The report, Closing the Door, Increasing the Gap: Who’s not going to (community) college?, found that more than 400,000 prospective students are being turned away from community colleges due to funding cuts, despite an increase in student demand.

Those factored out tend to be low-income or minority students, the core demographic of community colleges.

“At this moment in our history, with the growth demographic being lower-income students and students of colour, when our social, political and economic future depend on contributing to this community’s upward mobility, it is national suicide to be denying these students access to higher education,” Gary Rhoades, author of the report and professor of higher education at the University of Arizona, told University World News.

According to the report, severe state and federal funding cuts in public higher education have led to enrolment caps at community colleges nationwide.

In California, where more than 140,000 students were turned away in the 2010-11 academic year, more than three-quarters of college deans blamed the decline in enrolment on a lack of funding, citing as a primary reason insufficient funds for hiring faculty .

Community colleges have been hit the hardest. Spending per student at community colleges is less than any other sector of not-for-profit tertiary education, and is less than a third of spending at private institutions, according to the report.

Rhoades said this pointed to a worrying trend – that college is becoming the realm of the privileged.

Community colleges are traditionally open-access institutions, catering to those who cannot afford or who are not qualified to attend other types of colleges. Now, underprivileged students are being turned away to make room for middle- and upper-class students who require less financial aid, pay more tuition and are more likely to graduate, he revealed.

It is not only a question of finances. Also to blame, said Rhoades, is President Barack Obama’s goal to increase the number of graduates by 50% by 2020.

The aim to have students graduate at higher rates has led to a focus on students who are likely to succeed, denying access to those who are less likely to do so. The latter tend to be lower income students or students of colour, the fastest growing demographic in the country.

The solution lies in first identifying the problem, said Rhoades. Faculty need to track how many students are being denied access, and publicise those numbers. The social class and ethnicity of these students also needs to be analysed.

“There are various actions that faculty, working in concert with other groups, can take to challenge and change the course of policy and practice in community colleges,” writes Rhoades.

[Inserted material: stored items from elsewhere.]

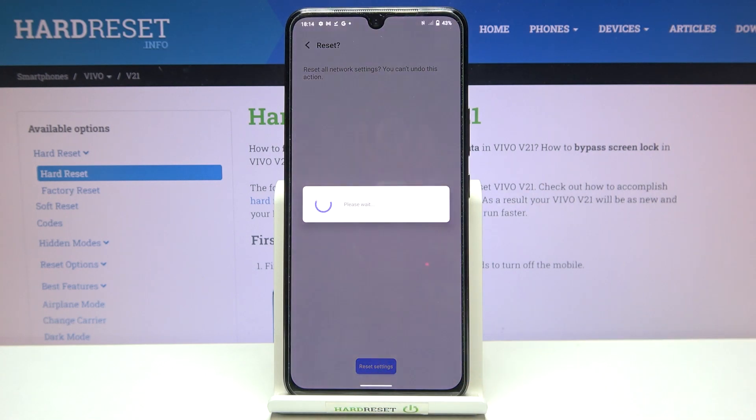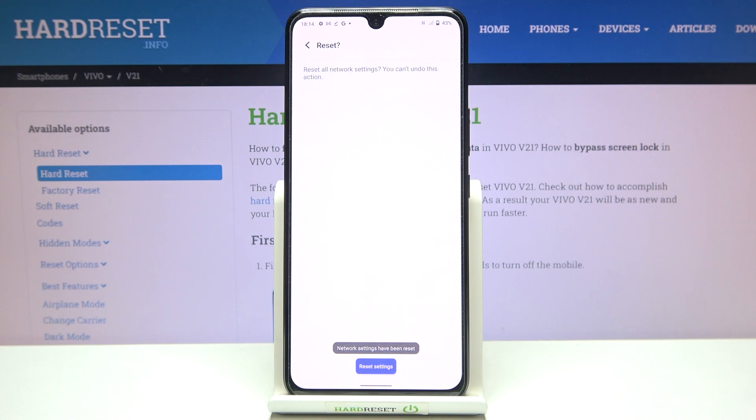So if you are ready, just tap on Reset Settings and wait. As you can see, we've got the information that the network settings have been reset successfully.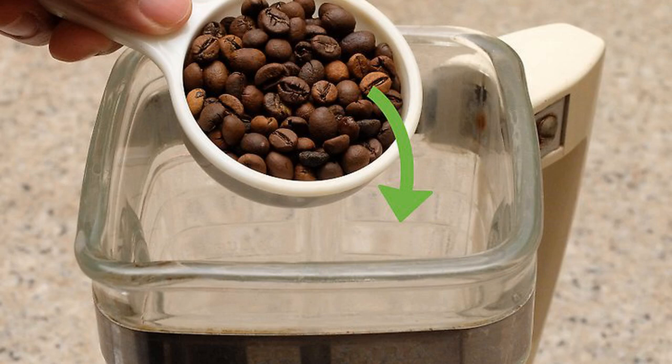Blend the beans. Measure out a quarter of your beans and place them into the blender pitcher. Set your blender to the grind or low setting. Put on the lid and pulse the beans in 2-second pulses for about 10 seconds. Add the next quarter of beans and repeat.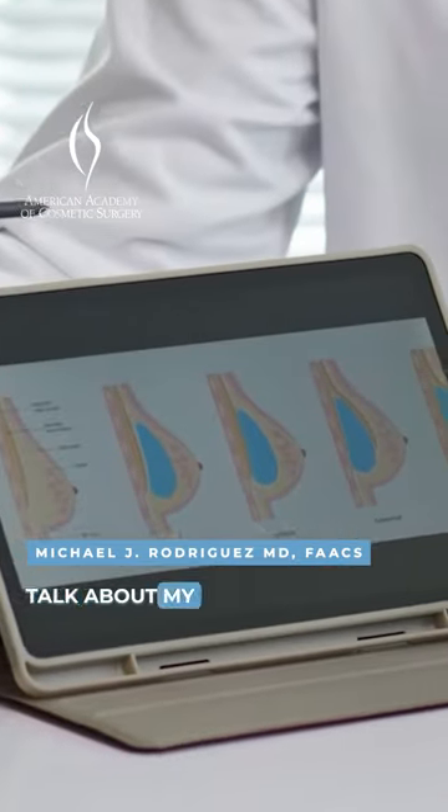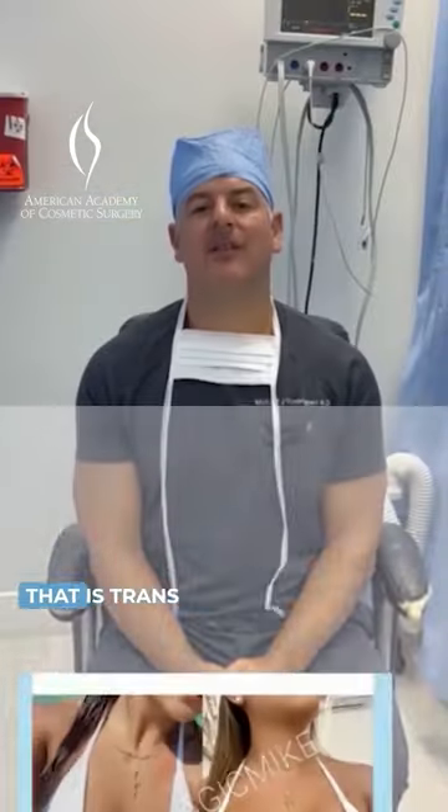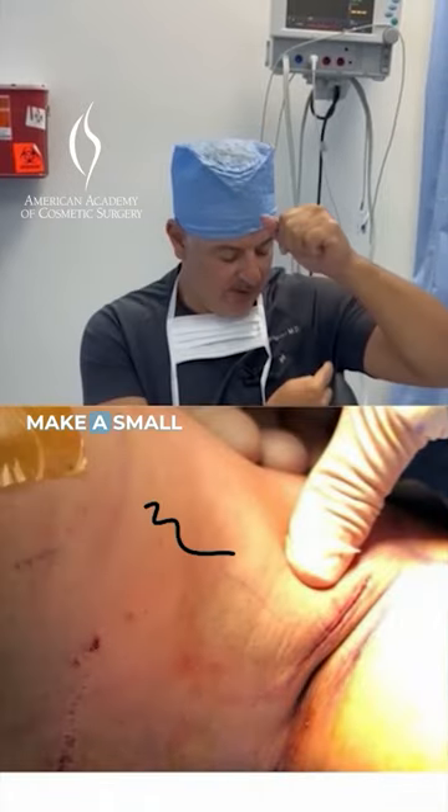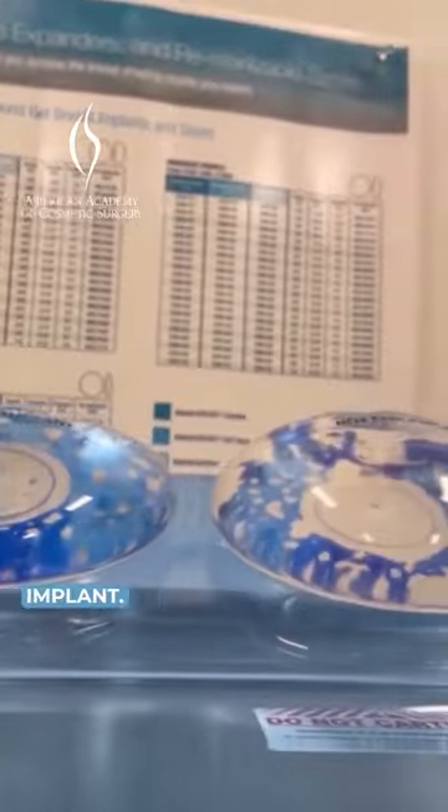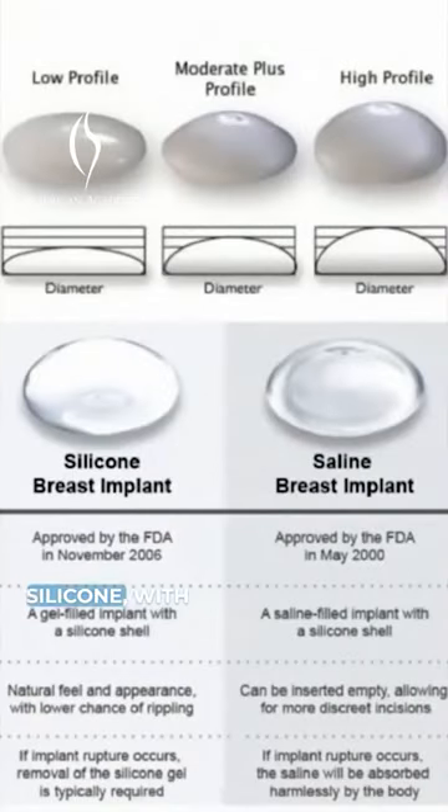Hi, I'm Dr. Mike Rodriguez, and I want to talk about my favorite breast augmentation technique, and that is trans axillary. Basically, we make a small incision in the armpit so that we can introduce a device — a breast implant — which can be either saline or silicone.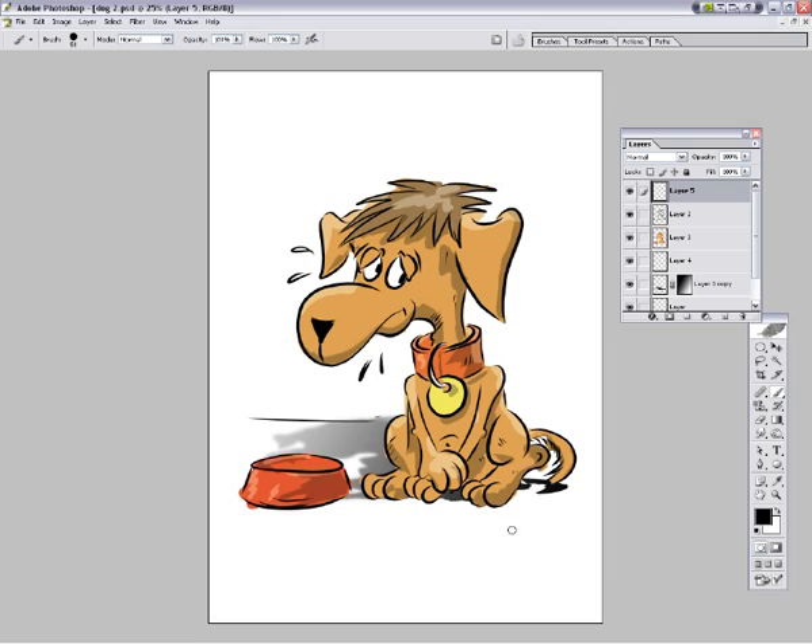I'd like to thank you very much for watching the process of this little chap being created. Hope you enjoyed it and don't forget to check out the website which is of course www.onegray.com. Thanks for watching.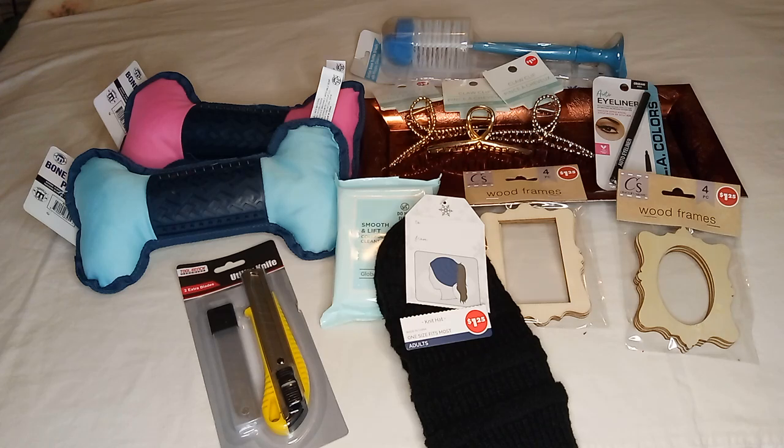And that's it — this is my haul! I hope you saw something you like and can find it at your store. If you are new here, don't be shy, subscribe, and I will see you on the next one. Bye bye!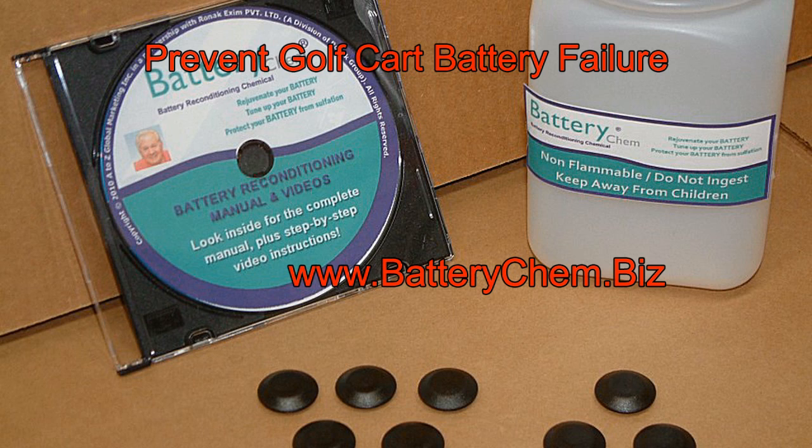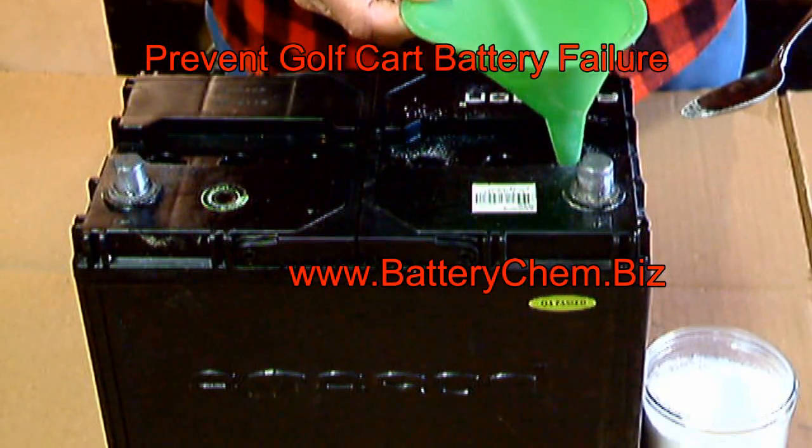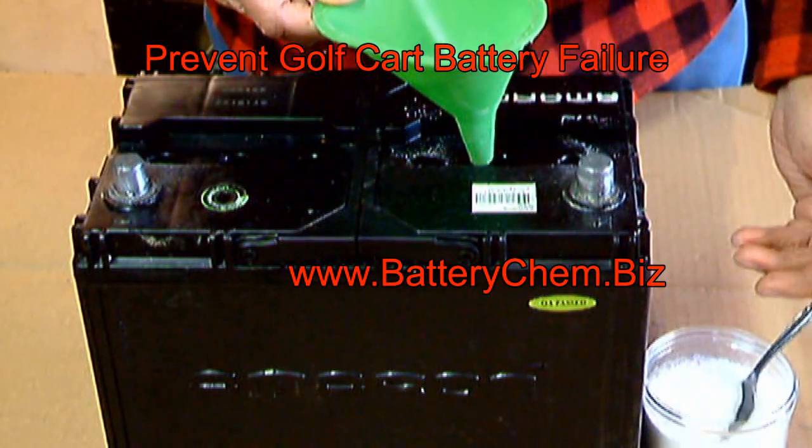Battery Chem is a mixture of special chemicals. These chemicals do two things: they combat sulfation and they dissolve existing sulfation. This is done during the charging process. So just add two heaping tablespoons per cell and start saving money today.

The research centre behind the report is the virtual think-tank of the Campaign for the Future of Higher Education, a grassroots coalition of academic leaders from 22 American states. The aim of the group, which was formed last year, is to give college faculty a voice in the national debate over higher education, said Rhoades.

The goal of the campaign’s first report, he said, is to highlight what is happening to the nation’s students as a result of current public higher education policy.

“We want to change the conversation, by calling out the fact that our current path is not working, that the idea of educating more students with no new resources is an emperor that has no clothes,” said Rhoades.